• [Records for this exercise]:
------------

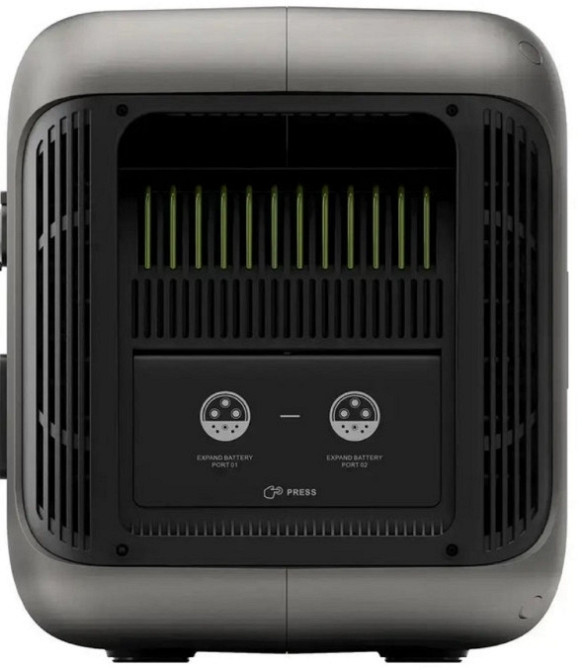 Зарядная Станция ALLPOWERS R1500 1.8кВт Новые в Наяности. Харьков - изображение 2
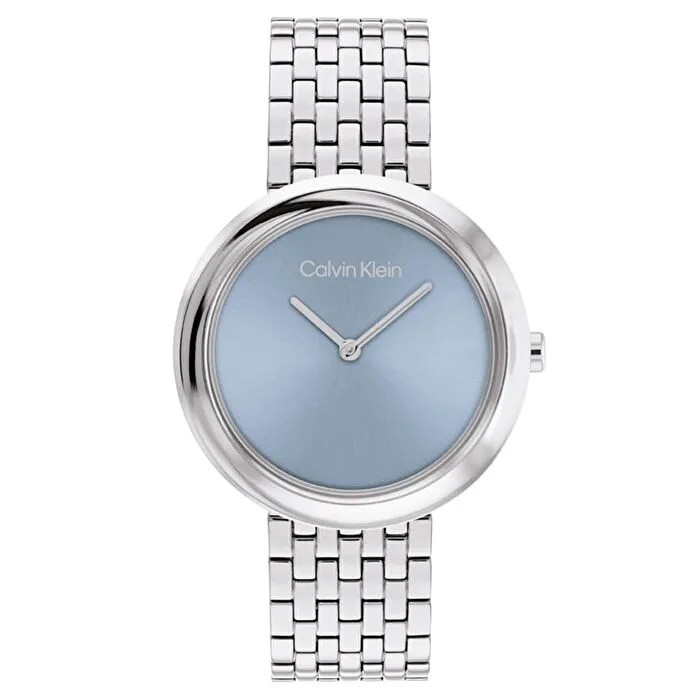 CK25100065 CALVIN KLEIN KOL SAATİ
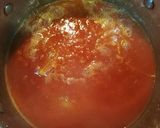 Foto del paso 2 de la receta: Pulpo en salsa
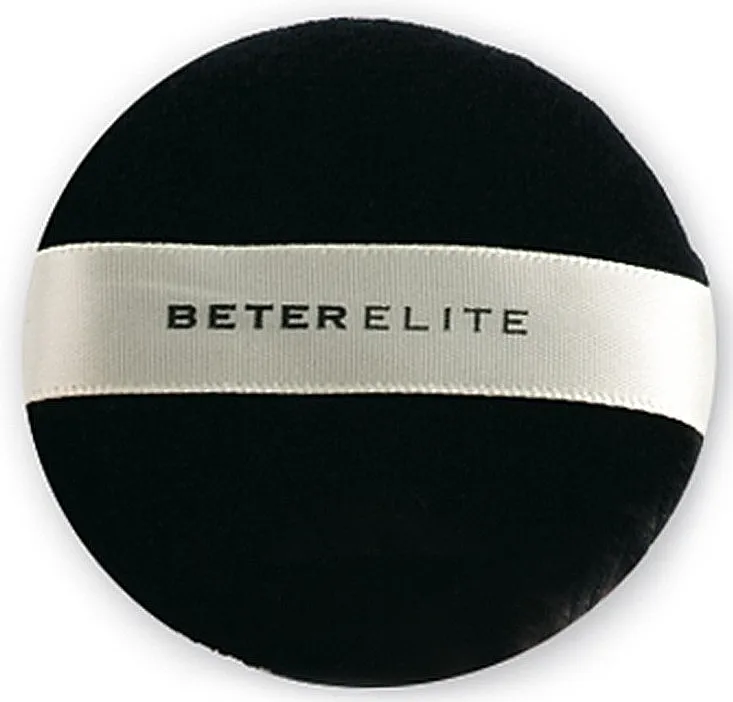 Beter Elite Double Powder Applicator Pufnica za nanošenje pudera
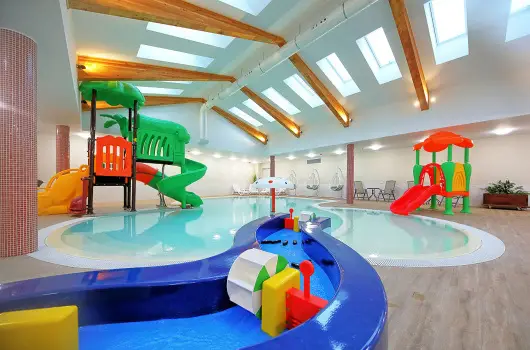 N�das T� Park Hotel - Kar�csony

------------

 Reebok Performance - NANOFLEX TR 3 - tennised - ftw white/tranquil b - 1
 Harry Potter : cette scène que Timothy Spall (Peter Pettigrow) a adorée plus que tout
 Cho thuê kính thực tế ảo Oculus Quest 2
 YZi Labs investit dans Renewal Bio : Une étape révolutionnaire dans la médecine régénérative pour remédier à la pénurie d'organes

------------

• [Exercise]: For this exercise, reproduce exactly the lines of the records above from the one with "Зарядная Станция ALLPOWERS" up to and including the one with "N�das T� Park Hotel - Kar�csony", without pictures.

• [Result of the exercise]:
 Зарядная Станция ALLPOWERS R1500 1.8кВт Новые в Наяности. Харьков - изображение 2
 CK25100065 CALVIN KLEIN KOL SAATİ
 Foto del paso 2 de la receta: Pulpo en salsa
 Beter Elite Double Powder Applicator Pufnica za nanošenje pudera
 N�das T� Park Hotel - Kar�csony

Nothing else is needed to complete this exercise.